The saddest thing for us all is the response from spokespeople for the Samoan community so far, and Labour.
Labour should have formally apologised to those they accused of "muckraking" ( I was among them for asking for an independent investigation instead of Clark’s fake enquiry) and sworn to return to bi-partisan upholding of core honesties after the dark years of the Clark morality.
Corrupt abuse of power is normal for most cultures, at most times. Indeed in most cultures a failure to put the interests of your own family above all other duties is regarded as immoral. Those societies are condemned to the routine abuse of power .
We are the lucky inheritors of the culture of one of history’s few but stunning exceptions. This hard won acheivement depends on continual reinforcement of the ethic of stewardship and self denial. It needs periodic refreshing with example cases. The example scapegoats must be formally denounced then shunned with a uniting of factions to show adherence to the underlying common value.
Such a vital but ‘un-natural’ value demands constant patrolling and re-definition of the boundaries.

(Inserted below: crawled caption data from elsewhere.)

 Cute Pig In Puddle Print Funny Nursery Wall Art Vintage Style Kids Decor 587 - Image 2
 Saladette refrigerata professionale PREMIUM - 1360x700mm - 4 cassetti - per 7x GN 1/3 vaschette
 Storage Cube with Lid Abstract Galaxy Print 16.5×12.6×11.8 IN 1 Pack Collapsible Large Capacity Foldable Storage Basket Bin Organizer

That process allows successive generations to refresh their committment.
The current beat-up over Ministerial housing allowances is an example. It gains its force because of our need for symbolic distance from personal profit from publicly conferred coercive power. We fight insidious weakening of the trust nature of power with emphatic claims whenever the boundary is approached. Almost no nonsense will be over the top when it is an assertion of ‘horror’ at the possibility of personal or family profit from the exercise of public power.

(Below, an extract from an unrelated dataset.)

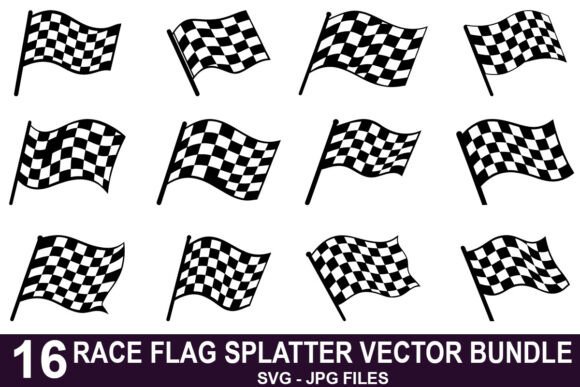 Race Flag Silhouette Vector Bundle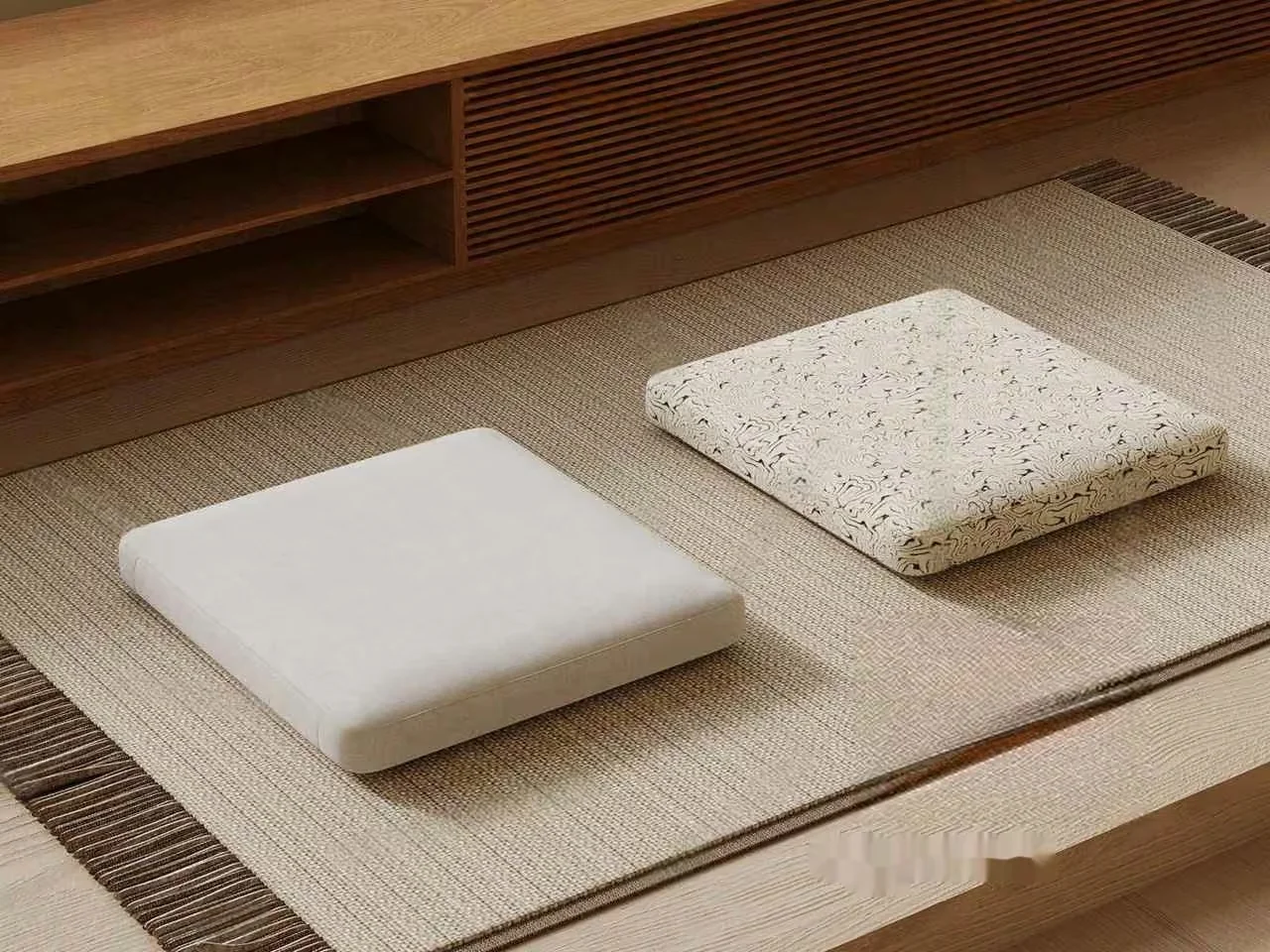 Two Japanese-Style Cushions On A Mat 3D Model – 1215 – VRAY Render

But New Zealand has an achilles heel in this area. Sadly for us, Maori and Polynesian cultures have the normal expectation that bosses will take personal and family benefit from power.
I think wariness about that may be a partial explanation of the otherwise baffling and self damaging failure by the National Party to place Sir Wira Gardiner on its Board over the weekend. His extraordinary management drive and ability are sorely needed. His mana would have been strategically valuable. I detect no racial antipathy among National people, indeed the opposite.

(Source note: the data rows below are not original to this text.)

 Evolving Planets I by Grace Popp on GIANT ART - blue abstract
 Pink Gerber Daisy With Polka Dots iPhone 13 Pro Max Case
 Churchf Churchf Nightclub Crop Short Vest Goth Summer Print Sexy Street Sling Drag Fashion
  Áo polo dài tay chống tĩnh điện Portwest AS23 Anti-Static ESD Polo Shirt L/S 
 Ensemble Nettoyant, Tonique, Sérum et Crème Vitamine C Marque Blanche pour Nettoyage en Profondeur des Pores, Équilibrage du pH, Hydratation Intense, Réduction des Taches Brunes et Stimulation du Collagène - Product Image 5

But there was worry about what could result from the combination of Hekia Parata’s position within caucus and a powerful husband on the Board.
For me the need for his competence on the Board outweighed that worry so he was No 1 on my ballot paper, but I acknowledge the legitimacy of the concern.
Our vulnerability to Polynesian tolerance of corruption is doubly worrying when there has been no purging by Labour of its complicity in Field’s defense. Clark’s handling of the issue was despicable. When our core values needed reinforcing she was AWOL. Pity the UN, where corruption is one of their biggest problems and they have a boss with her instincts.
And National is close to the Maori Party. Much as I like Tariana Turia’s qualities, I can not forget that she took Donna Awatere to her bosom when Donna was shown to have abused trust and her office, then did the same with Field when Labour was finally forced to distance themselves from him. Her only explanation was brown solidarity.
Sadly there can be no confidence that NZ will retain its clean politics until we have some strong Maori and Polynesian leaders who will denounce corruption even when it is brown, and claim their shared inheritance of our rare north European political morality .
[I’ve just seen David Farrar’s withering posts on this issue. If we had a fifth estate worthy of the name they’d put aside their campaign against Bill English for as long as takes to extract some apology and undertakings from Labour, and they’d be asking the Maori Party for some vigorous cleansing words as well]
You want the media to (temporarily?) put aside their campaign against politicians self-indulgence with taxpayer money. But isn’t that just more abuse of the “ethic of stewardship and self denial”? Perhaps the temporary aspect of your suggestion acknowledges that both are on the same continuum. Field just takes priority.